PROBLEM STATEMENT: Word for word, copy out the data below, omitting pictures.

:: DATASET RECORDS

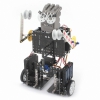 Ресурсный набор Robo kit 1-2 - «globural.ru» - Можайск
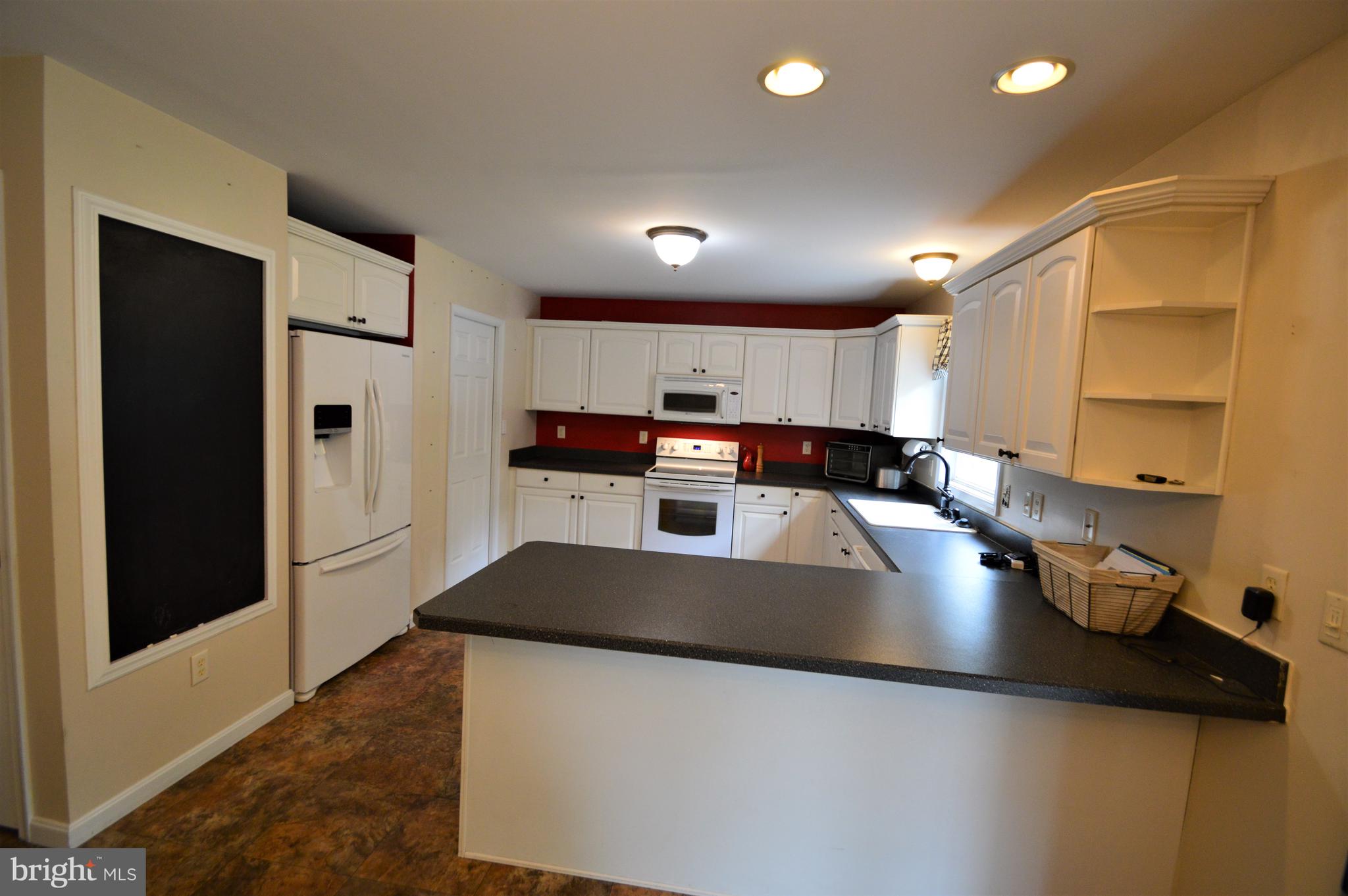 228 Quaker Hill Road Magnolia, DE 19962 - Photo 24 of 72 Gallery Image 24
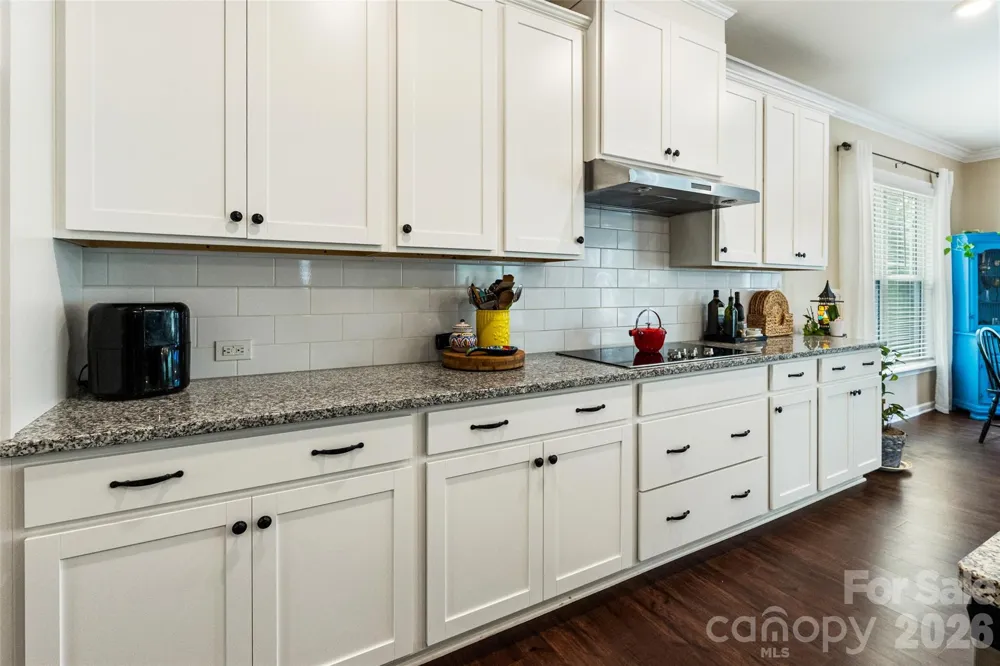 6008 Britannia Boulevard Waxhaw, NC 28173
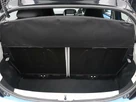 2016-toyota-aygo-10-vvt-i-x-cite-2-cyan-5d-small-17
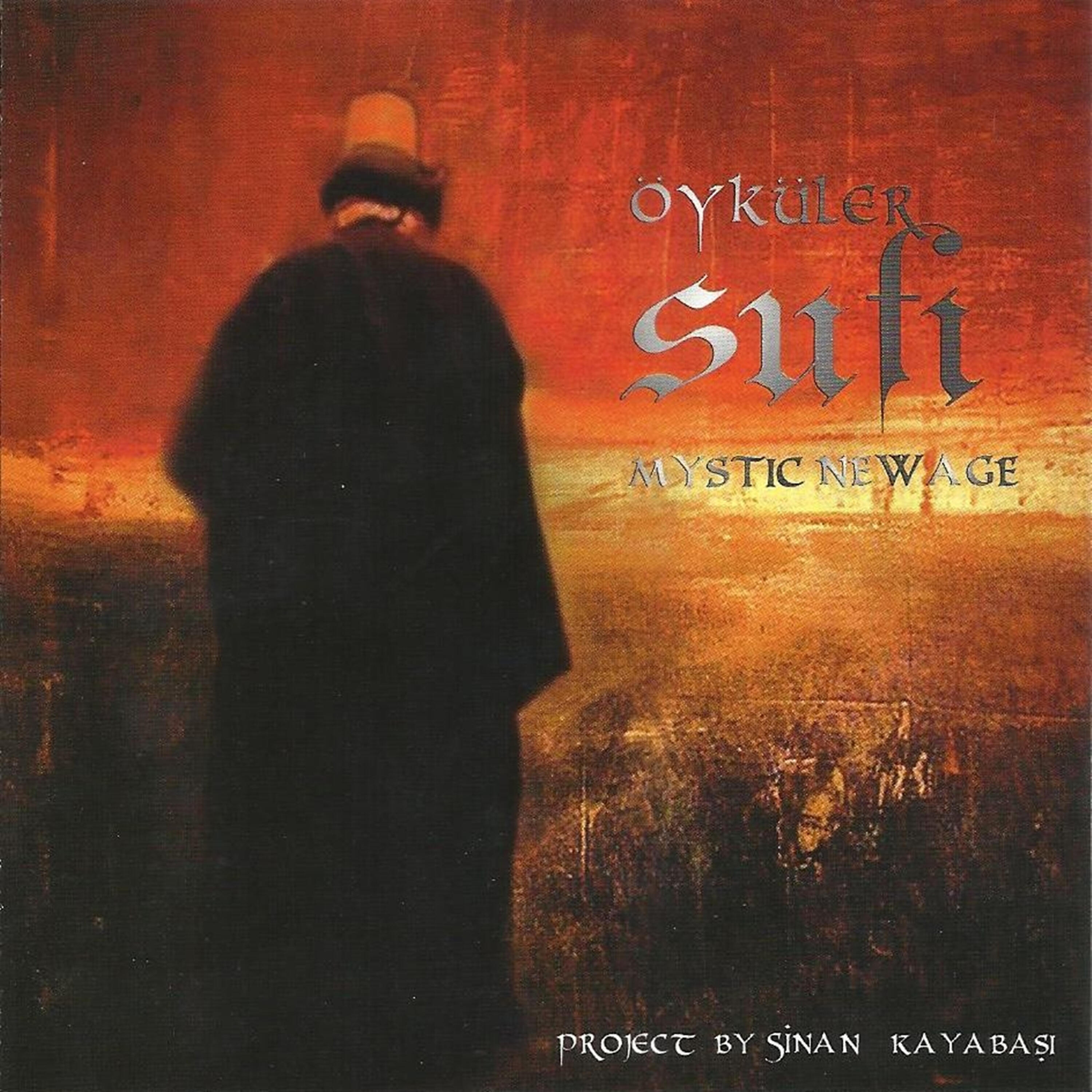 Релиз Öyküler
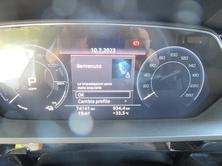 AUDI e-tron, Electric, Second hand / Used, Automatic - 7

::::

RESPONSE BOX:
 Ресурсный набор Robo kit 1-2 - «globural.ru» - Можайск
 228 Quaker Hill Road Magnolia, DE 19962 - Photo 24 of 72 Gallery Image 24
 6008 Britannia Boulevard Waxhaw, NC 28173
 2016-toyota-aygo-10-vvt-i-x-cite-2-cyan-5d-small-17
 Релиз Öyküler
 AUDI e-tron, Electric, Second hand / Used, Automatic - 7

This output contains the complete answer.